There was nothing new about the idea of reaching working people on the job. As an idea, “luncheon movies” date back to the ‘teens, when John Patterson of National Cash Register in Dayton, Ohio pursued what were then advanced media forms to reach NCR employees with messages of inspiration, training and control. During the Depression, companies undergoing union organizing campaigns took every opportunity to reach their workers with anti-union messages, morning, noon and night.
As Business Screen (Vol. 10, No. 1, 1949) said, “During the war, 62% of large U.S. employers made use of incentive or employee attitude motion pictures. Today, that figure has dropped to 35%. Isn’t it reasonable to believe that a mass return to employee film programs would help pave the way for smoother labor-management relations? And at 50c a year per employee, or even two or three dollars, wouldn’t it be cheaper than a strike ending in a 12-1/2c an hour pay raise?” (See “Movie Day in Your Plant” in the Archive section on this disc.)
But Sloan’s project was about more than smoother labor-management relations. Although the Harding College films purported to be relaxed, humorous explanations of how America’s economy works, they sought both to discredit anti-capitalist ideas and explain why our system worked better than any conceivable alternative. Although the apparent collapse of socialism around the world in the late 1980s may make these films seem prophetic today, such ideas weren’t taken for granted in the postwar climate.
Make Mine Freedom links patriotism with free enterprise and freedom with prosperity. “Working together to produce an ever-greater abundance of material and spiritual values for all. That is the secret of American prosperity.” “Working together,” of course, is a dishonest concept when used to describe communities whose interests differ.

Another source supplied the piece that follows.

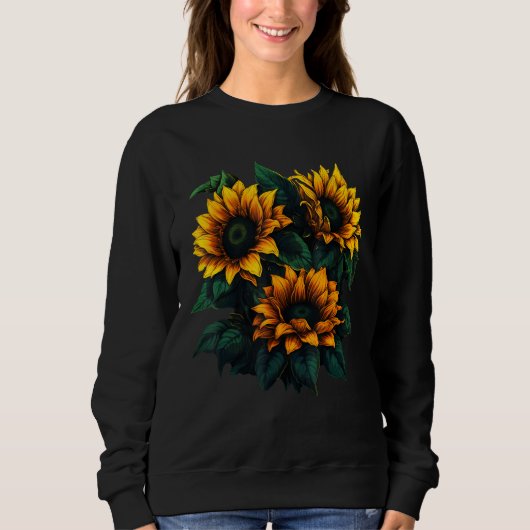 Yellow Sunflower Cute summer Sun flowers Floral Po Trui (Voorkant)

Unlike such films as Greyhound’s upfront patriotic lump-in-the-throater Freedom Highway (on The Uncharted Landscape disc), Make Mine Freedom employs a “stealth” strategy. Self-deprecating humor prevails, perhaps because the films were made to play before distracted and highly skeptical audiences, and the targets of this humor include our consumer culture and the dubious innovations it creates.
Specific ideologies, whether Communism, socialism, fascism or capitalism, aren’t mentioned. Instead, “Isms” and “imported doubletalk” are mentioned dismissively. “Ism will cure any ailment of the body politic,” claims “Dr. Utopia,” just like an old-time snake oil salesman. “Ism” offers something to workers, manufacturers and politicians, and to farmers, well, “Ism even makes the weather perfect every day.”
The salesman asks his audience to make this pledge: “I hereby turn over to Ism, Incorporated, everything I have, including my freedom, and the freedom of my children, and my children’s children, in return for which said Ism promises to take care of me forever.” This doesn’t scare them. So onlooker “John Q. Public” urges them to get better acquainted with the enemy.
“Before signing up, you boys ought to try a little taste of Dr. Ism’s formula to see what you’d get in exchange for your ‘freedom.’ Go ahead! Try it.” They drink and are plunged into a totalitarian dream. Clamped inside the State’s iron fist, the worker cannot strike and is no longer protected by his union. The manufacturer is now irrelevant. “No more private property. No more you!” the State says to manufacturer, kicking him out onto the street. The farmer is controlled through a central production plan and turned into an industrialized employee of the state. One courageous politician speaks up for freedom, but is quickly brainwashed, becoming “State Propaganda speaker 3120,” a phonograph where his head should be, saying “Everything is fine!” over and over again.
The Sloan Foundation lets John Q. Public have the last word. “When anybody preaches disunity,” Mr. Public says, “tries to pit one of us against the other through class warfare, race hatred, or religious intolerance, you know that person seeks to rob us of our freedom and destroy our very lives. And we know what to do about it!” In a hail of his tonic bottles, Dr. Utopia is chased away and flees towards a glowing city.